Meet our Beta Testers and Experts: Martin Indreiten — passionate about safe travels
Martin (47) lives at Svalbard with a girlfriend and young two kids. He works at The University Centre in Svalbard (UNIS) as Section Leader for Operations and Field Safety. What he does is planning and operating all field activity safety, being it use of large ice breaker vessels to personnel field activities on shore, both for students and staff, as well as visitors to the University of Svalbard (UNIS). Originally from Nordmøre, a mountainous region of Norway, well known for amazing skiing and hiking, Martin has been playing in the mountains as long as he can remember.
‘I was an active biathlon skier for most of my junior years. When I joined the Norwegian Armed Forces, I was introduced to avalanche training. Snow and Ice has been part of my career ever since.’ Martin tells Think Outside. ‘For a while, tourism on snow was my focus. I’ve run an event company where we had an ice hotel as well as been a guide. When I first came to Svalbard in 2003 I worked with adventure travels, guiding and organizing. In 2009 I started my current job at UNIS’
For Martin, safety whilst in the backcountry is crucial. He was a part of a group that started the avalanche safety group, part of the Red Cross Search and Rescue group, at Svalbard in 2004. IN 2015, Martin and his group has joined the Varsom.no and RegObs (the Norwegian avalanche warning system) avalanche professional community and contributes to the avalanche forecasting and warning for his region.
‘One of the perks of living at Svalbard is the awesome skiing here! You can literally skin up and start skiing from the minute you step out of your house! It’s unique! One of my favorite skiing areas are at Atom Mountain here at Svalbard, which has a year around season and you can ski in the midnight sun. It’s very alpine, and kind of looks like the Himalayas. Beautiful pointy mountains and great runs down steep mountain sides and chutes. I also love skiing in Sundalsfjella, in Innerdalen and Dronningen and Kongen mountains, two well-known great backcountry areas.’ Martin says.

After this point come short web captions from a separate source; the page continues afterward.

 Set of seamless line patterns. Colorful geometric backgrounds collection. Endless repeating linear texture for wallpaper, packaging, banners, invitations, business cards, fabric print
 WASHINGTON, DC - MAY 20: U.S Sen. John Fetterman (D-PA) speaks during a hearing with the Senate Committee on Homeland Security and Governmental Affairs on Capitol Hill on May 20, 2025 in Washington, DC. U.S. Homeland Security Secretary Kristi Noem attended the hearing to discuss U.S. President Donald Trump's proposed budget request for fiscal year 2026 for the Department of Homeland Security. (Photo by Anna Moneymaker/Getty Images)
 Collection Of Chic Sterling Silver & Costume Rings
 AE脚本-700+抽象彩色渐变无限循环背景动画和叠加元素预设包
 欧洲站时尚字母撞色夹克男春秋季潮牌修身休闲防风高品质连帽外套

We ask Martin to share some stories from his ventures in the back country: ‘Polar bears passer through your camp can make your heart jump, but I probably have been more concerned both on the sea ice (that can be scary as it constantly moves) and on glaciers. Considering avalanches, I vividly remember this one time back in 2003, where I was on a glacier course on Briksdalsbreen, one of the glaciers on the large Jostedals-glacier. We came a little too close to the mountainside, heard avalanches and ran roped-up towards the crevasse area for safety! When we got to the top of the glacier, we saw that 7 or 8 wet snow avalanches where we came from! Safe navigation is always important’.

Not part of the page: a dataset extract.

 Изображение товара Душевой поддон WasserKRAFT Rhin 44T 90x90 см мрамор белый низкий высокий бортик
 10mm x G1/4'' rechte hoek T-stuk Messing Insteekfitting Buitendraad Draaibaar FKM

Martin tells us about how he became familiar with Think Outside and Sknow; ‘I came across Think Outside and Sknow a little by chance. A friend had seen an add on a milk cartoon about this startup company working on new innovations in snow and avalanche field, and since my job is safety in avalanche and arctic terrain, I got curious. Innovation and technology are a focus here at UNIS, and I figured there was a bit of a win-win situation by coupling what we do with what Think Outside is doing. I will be spearheading this from our side, but I will be sharing the skis with the group. This way more people will be part of the project, and the skis will be more used, with more data acquired.’ Martin says, ‘I think new technological solutions are intriguing, but it should be coupled with usability, and most importantly general training, knowledge and awareness by the users!’ also, he continues; ‘The important part of a technological solutions such as Sknow may be, is that people have more facts to base their decisions on. My hope is that Sknow works as a good tool for better decisions in the mountains, that one is able to move in terrain safer.’

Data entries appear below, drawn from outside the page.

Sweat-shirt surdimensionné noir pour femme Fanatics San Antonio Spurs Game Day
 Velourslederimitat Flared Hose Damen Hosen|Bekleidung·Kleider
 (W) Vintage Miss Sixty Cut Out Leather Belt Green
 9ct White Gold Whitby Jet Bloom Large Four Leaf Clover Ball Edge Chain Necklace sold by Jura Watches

Last, but not least, Think Outside takes the opportunity to ask Martin for his advises for safe travels in the winter mountains:
‘My advises are as I tell our students here at UNIS;
- ” If you don’t know don’t go”; get local advice from local experts, read up on weather and avalanche forecast.
- ” If the snow is the problem, then the terrain is the solution”; if the avalanche danger is high or you have a complex avalanche problem stay away from avalanche terrain, terrain traps and run out zones. Play in safe and simple terrain. Learn to read and use the terrain for safe travel.
- ” Human factor”; one of the main reasons for avalanche incidents and accidents are wrong decisions and lack of good rational based facts for decisions. Be aware of typical mistakes groups are doing when they make decisions. Join an avalanche class, it’s fun, you learn a lot and it could save your life!
Think Outside are very pleased to have Martin and his team as part of the beta-season, and are looking forward to a fruitful collaboration!